While the Tax Cuts and Jobs Act (TCJA) made the most significant changes to the tax code in a generation, with sweeping implications for all industries, the Act was conspicuously lacking in energy-specific provisions. Indeed, despite a number of proposed changes to existing credits, both friendly and hostile to renewables, the TCJA ultimately did not contain an energy tax title at all. This default preference for the status quo was cheered by the wind and solar industries, whose future prospects had been previously secured in the 2015 PATH Act, but it once again left other so-called “orphaned technologies” out in the cold. Having expired at the end of 2016, these credits for geothermal heat pumps, fuel cell, small wind, and combined heat and power required an affirmative extension—and, ideally, harmonization with the PATH Act phase-down schedule for wind and solar.
Such language was included, rather unexpectedly, in a House tax bill that was otherwise hostile to renewable energy. While the bill would have nominally maintained the terms of the PATH Act, it also would have repealed the inflation adjustment for the wind PTC, retroactively modified the terms of eligibility for claiming PTC or ITC, and repealed the permanent 10% ITC for commercial solar. Having been blessed by the House, the orphans might have expected a warm reception in the upper chamber, a body known to be far more friendly to clean technologies. But when the Senate took up its version, parochial divisions over the extension and modification of certain unrelated energy credits threatened to jeopardize the bill’s momentum at a fragile time. In the end, the energy-agnostic Senate language served as the base bill for what would become law—good news for wind and solar, but leaving the expired and expiring provisions to be addressed on their own. In an effort to resolve the loose ends as swiftly as possible—and perhaps to give stakeholders some comfort—Senate Finance Committee Chairman Orrin Hatch (R-UT) introduced an extenders package on the same day the TCJA cleared the Senate floor. The bill, The Tax Extender Act of 2017, incorporates the previous House language to restore the orphan credits to the PATH Act schedule.

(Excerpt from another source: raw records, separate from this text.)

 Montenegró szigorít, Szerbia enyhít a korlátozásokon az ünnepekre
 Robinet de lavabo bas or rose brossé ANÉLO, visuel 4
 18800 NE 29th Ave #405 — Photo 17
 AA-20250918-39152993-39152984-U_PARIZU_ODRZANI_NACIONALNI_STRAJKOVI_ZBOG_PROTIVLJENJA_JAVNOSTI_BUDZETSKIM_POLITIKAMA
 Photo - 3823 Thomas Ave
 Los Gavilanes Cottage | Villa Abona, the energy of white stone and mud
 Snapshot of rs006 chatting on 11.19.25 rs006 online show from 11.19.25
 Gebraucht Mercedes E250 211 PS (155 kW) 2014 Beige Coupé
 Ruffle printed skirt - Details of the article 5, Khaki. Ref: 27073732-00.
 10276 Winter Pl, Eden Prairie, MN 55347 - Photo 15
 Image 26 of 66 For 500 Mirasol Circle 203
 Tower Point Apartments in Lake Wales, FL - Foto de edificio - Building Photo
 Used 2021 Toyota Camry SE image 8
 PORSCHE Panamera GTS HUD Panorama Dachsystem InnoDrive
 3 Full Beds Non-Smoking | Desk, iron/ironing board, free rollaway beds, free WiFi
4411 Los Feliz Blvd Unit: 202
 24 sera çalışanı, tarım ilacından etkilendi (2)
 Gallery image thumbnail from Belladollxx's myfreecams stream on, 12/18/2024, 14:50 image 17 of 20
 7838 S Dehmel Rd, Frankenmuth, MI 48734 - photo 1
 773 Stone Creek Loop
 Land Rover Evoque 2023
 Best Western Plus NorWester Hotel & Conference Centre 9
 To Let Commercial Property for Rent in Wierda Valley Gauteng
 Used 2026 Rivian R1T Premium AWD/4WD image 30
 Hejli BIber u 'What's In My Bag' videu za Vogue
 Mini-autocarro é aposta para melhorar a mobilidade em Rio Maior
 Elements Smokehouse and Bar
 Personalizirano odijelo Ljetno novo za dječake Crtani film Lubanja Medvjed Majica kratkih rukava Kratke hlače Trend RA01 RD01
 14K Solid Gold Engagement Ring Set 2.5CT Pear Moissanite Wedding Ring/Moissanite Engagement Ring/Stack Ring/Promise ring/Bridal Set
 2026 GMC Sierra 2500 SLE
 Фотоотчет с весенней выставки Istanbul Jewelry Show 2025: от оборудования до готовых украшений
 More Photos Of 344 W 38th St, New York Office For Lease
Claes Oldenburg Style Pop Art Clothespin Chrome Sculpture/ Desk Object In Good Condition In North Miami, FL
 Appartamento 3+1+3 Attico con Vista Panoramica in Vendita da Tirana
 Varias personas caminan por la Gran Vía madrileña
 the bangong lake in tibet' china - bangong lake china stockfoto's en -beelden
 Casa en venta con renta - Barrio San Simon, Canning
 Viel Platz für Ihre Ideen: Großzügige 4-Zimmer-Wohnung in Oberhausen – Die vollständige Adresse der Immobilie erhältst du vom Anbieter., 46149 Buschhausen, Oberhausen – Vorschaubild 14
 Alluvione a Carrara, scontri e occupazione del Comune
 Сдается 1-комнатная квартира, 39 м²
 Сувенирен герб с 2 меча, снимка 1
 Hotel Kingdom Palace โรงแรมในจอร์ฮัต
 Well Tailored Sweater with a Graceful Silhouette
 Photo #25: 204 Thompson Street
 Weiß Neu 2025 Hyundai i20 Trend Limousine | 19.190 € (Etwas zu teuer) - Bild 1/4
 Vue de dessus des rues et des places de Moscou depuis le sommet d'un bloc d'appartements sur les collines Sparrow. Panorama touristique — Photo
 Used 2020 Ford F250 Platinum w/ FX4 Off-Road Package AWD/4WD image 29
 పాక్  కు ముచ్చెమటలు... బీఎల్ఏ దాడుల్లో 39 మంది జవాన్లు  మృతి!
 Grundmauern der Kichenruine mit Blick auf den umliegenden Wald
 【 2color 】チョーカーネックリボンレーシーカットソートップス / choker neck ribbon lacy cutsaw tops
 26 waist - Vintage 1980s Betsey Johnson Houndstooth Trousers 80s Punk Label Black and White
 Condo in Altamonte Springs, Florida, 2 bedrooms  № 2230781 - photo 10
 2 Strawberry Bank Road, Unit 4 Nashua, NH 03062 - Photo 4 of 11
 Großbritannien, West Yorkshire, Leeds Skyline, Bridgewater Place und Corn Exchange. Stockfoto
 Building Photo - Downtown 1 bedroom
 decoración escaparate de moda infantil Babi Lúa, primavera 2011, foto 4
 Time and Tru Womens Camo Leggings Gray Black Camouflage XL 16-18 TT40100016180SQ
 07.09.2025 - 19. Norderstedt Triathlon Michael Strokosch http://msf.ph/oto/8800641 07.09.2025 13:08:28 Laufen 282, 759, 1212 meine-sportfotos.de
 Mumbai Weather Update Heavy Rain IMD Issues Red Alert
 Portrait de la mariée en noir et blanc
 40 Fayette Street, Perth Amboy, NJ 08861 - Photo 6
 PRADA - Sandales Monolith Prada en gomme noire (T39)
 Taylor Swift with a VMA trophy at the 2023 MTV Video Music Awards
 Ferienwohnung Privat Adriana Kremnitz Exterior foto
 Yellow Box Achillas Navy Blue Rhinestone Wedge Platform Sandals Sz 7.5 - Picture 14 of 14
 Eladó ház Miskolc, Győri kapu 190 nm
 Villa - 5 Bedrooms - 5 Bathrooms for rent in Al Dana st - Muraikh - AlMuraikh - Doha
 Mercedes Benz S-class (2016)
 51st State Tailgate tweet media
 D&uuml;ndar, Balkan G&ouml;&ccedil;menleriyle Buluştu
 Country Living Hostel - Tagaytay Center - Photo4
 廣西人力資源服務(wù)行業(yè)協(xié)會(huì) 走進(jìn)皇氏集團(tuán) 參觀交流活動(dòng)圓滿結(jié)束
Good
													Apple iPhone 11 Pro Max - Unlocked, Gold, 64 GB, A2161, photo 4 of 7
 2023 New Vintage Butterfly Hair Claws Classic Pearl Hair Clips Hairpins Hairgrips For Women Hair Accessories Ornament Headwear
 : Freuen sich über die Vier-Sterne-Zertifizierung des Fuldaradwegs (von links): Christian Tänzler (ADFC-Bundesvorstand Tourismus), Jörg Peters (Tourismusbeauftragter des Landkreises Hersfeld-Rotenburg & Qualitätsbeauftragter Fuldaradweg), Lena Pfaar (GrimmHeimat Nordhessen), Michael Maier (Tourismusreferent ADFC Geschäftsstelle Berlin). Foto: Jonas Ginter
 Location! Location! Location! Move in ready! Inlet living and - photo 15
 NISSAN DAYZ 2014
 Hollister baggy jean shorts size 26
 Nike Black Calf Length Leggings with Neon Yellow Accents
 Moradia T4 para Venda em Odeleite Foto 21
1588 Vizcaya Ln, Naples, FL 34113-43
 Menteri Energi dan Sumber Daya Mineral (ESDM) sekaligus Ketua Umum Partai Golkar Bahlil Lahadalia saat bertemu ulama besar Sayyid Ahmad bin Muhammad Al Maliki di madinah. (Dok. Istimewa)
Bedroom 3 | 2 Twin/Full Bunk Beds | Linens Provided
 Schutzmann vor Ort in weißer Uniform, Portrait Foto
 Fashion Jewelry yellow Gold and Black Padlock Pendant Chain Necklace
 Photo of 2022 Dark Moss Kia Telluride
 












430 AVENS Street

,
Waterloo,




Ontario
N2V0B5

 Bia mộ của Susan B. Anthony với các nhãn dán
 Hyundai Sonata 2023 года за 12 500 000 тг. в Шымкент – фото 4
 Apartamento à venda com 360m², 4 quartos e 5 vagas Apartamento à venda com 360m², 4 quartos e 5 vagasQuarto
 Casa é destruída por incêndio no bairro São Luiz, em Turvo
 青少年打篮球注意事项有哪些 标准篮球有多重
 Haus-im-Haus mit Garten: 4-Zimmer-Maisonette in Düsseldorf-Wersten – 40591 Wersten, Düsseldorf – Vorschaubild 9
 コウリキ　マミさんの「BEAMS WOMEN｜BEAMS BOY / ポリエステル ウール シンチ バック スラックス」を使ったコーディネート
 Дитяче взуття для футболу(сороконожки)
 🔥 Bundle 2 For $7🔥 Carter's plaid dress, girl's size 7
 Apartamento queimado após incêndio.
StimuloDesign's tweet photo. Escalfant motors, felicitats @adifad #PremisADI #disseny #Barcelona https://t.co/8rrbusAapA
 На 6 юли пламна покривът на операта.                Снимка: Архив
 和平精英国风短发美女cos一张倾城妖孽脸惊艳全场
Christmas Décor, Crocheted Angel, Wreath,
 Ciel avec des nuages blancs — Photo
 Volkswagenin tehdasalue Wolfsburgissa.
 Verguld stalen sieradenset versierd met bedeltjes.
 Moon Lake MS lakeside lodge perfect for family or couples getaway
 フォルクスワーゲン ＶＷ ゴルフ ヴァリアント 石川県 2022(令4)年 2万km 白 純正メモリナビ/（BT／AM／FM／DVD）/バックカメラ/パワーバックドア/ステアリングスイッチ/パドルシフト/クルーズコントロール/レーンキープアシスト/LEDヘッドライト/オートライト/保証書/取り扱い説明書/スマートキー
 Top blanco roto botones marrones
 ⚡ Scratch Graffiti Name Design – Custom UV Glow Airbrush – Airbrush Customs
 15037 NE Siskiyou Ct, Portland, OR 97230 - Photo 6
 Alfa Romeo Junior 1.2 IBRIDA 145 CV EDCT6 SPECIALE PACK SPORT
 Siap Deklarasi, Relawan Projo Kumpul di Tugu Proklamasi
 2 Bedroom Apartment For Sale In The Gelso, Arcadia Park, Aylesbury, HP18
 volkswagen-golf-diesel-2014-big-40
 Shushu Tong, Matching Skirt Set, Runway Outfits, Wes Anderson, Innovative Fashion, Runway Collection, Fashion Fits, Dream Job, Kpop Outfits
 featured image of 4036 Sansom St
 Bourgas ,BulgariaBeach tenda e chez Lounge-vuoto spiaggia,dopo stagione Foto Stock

While the introduction of the Hatch package was intended to secure a ride on the next government funding vehicle, the picture remains no clearer more than a month later. If anything, a brief January shutdown has made eliding the immigration issue more difficult, and the two sides seem as far apart as ever. Nor are tax extenders the only policy matter stuck in the queue—also at the mercy of this standoff are health extenders, disaster relief funds, and other issues ranging from opioid treatment grants to pension reform. As time ticks by without a deal on DACA (or DREAMers), which Democrats have made a prerequisite for an agreement on spending, it becomes more likely that the passage of extenders slips beyond filing season, perhaps into the summer. One potential forcing mechanism for a bigger deal is the debt ceiling, which is likely to kick back in sometime in March, but an influx of cash from repatriation and other TCJA-related changes could carry “extraordinary measures” through the summer. As Senator John Thune (R-SD) said of the extenders bill recently, “the question is not if, but when.” And at this point when remains very much up in the air.